If they are not interested then no point chasing the whys with them, clearly they lack professionalism.

I can however recommend these guys EcoTek Green Living - Eco Friendly Affordable Structural Insulated Panel Homes - HOME


----------



## Veronica (Apr 5, 2008)

zin said:


> If they are not interested then no point chasing the whys with them, clearly they lack professionalism.
> 
> I can however recommend these guys EcoTek Green Living - Eco Friendly Affordable Structural Insulated Panel Homes - HOME


Their projects look very nice but again they seem to build in Limassol and we have found with Limassol companies they don't want to travel to Paphos to do building.


----------



## zin (Oct 28, 2010)

Veronica said:


> Their projects look very nice but again they seem to build in Limassol and we have found with Limassol companies they don't want to travel to Paphos to do building.


With the current economy I would be surprised if they think they can afford to turn away business like that. A 40 minute drive is nothing in the grand scheme of things.


----------



## PeteandSylv (Sep 24, 2008)

I have friends in Polemi who have recently completed their house build. I believe they were very happy with the builders. If you would like to be put in touch, let me know.

Pete


----------



## Johnio0312 (Mar 28, 2012)

I know a builder who is both trustworthy and respected. On top of that he is very professional and I would go nowhere else. He has done some pretty flash stuff for very wealthy clients too. If you want and there is a way of sending your number to him I will do so for you.. I don't want him hassled with tons of calls cos of me. j


----------



## zin (Oct 28, 2010)

A builder who is hassled with tons of calls in this economy, he must be good!


----------



## kim1967 (Feb 26, 2012)

zin said:


> A builder who is hassled with tons of calls in this economy, he must be good!


Thanks for the inputs everyone, will contact you nearer the time for names or number swops as several quotes is good


----------



## Veronica (Apr 5, 2008)

zin said:


> With the current economy I would be surprised if they think they can afford to turn away business like that. A 40 minute drive is nothing in the grand scheme of things.

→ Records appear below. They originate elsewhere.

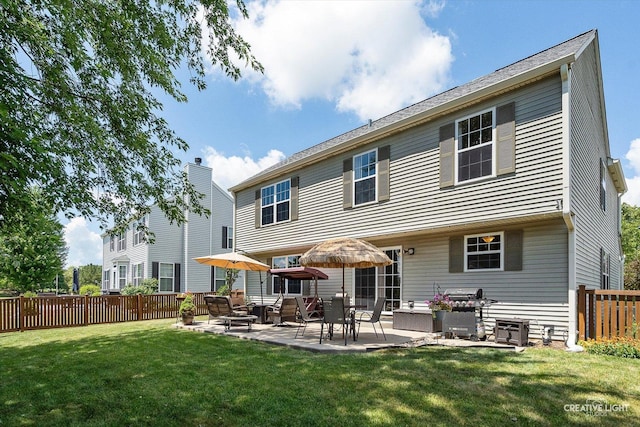7512 Prairieside Dr, Plainfield, IL 60586 - back of property featuring a fenced backyard and a patio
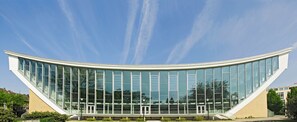 A modern building with a curved glass facade, large windows, and a white exterior.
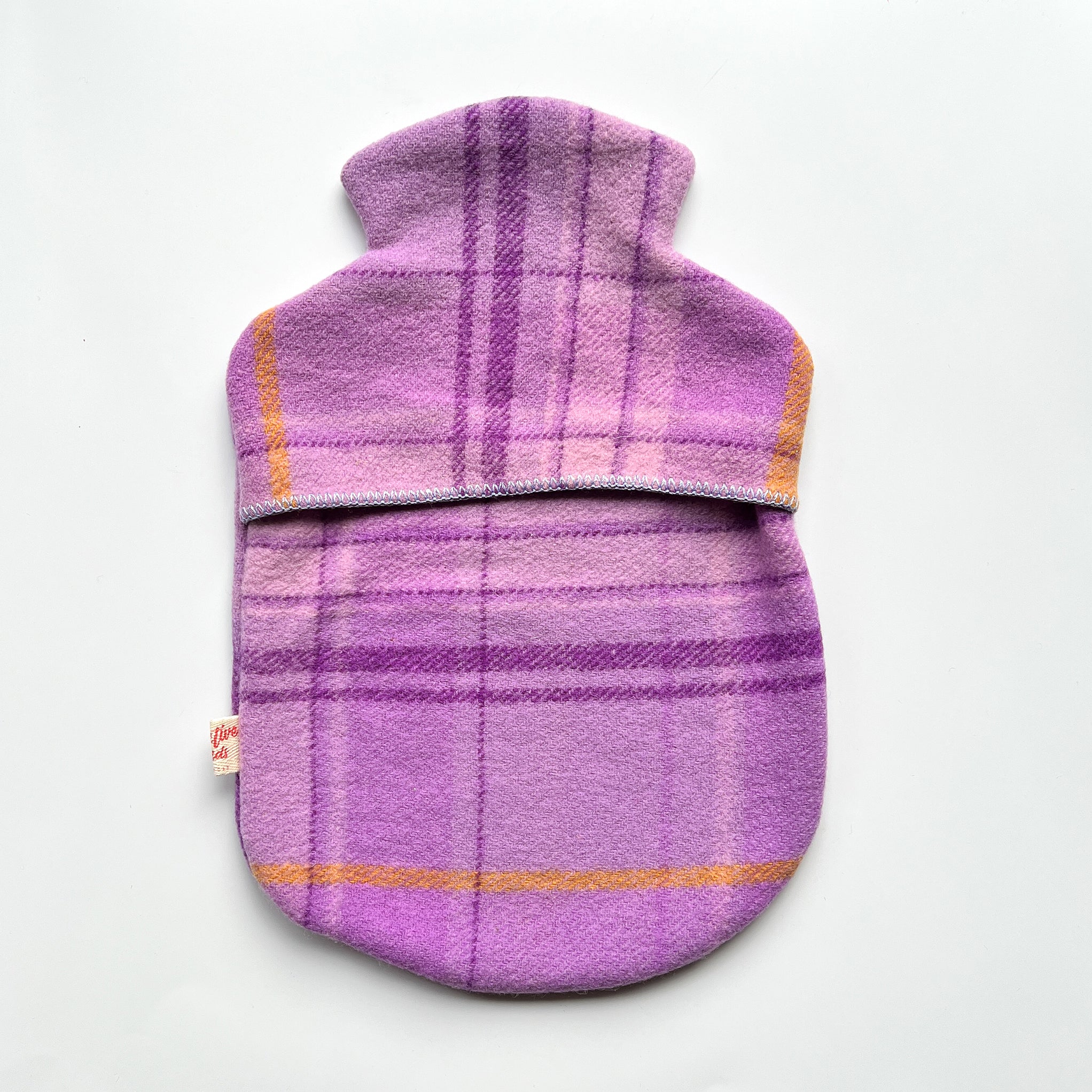 Purple woollen hot water bottle cover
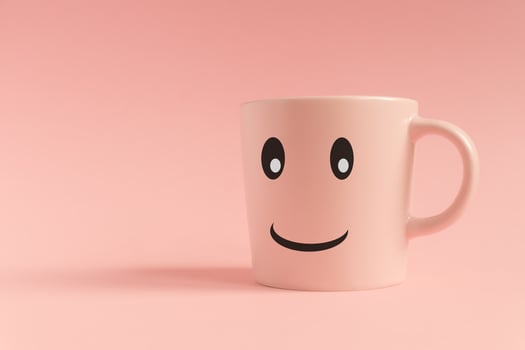 Pink cup on pink background. Smiling face on a mug. Minimal creative concept photo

Its a 40 minute drive from Limassol to the outskirts of Paphos then a further 25 -30 minutes to Polemi. I have found that builders don't want to travel that far and if they do then they make sure they charge maximum bucks to do it. We have found in the past that Limassol builders are happy enough to travel to the east side of Paphos but not to the villages on the West and North of Paphos.


----------



## Johnio0312 (Mar 28, 2012)

Well I wouldn't use anyone else and yes he is.. honesty and professionalism are very rare commodities these days.. as a lot of people would confirm. In general terms it seems to me that too many people who learn how to mix a bucket of cement (not always properly) call themselves builders..


----------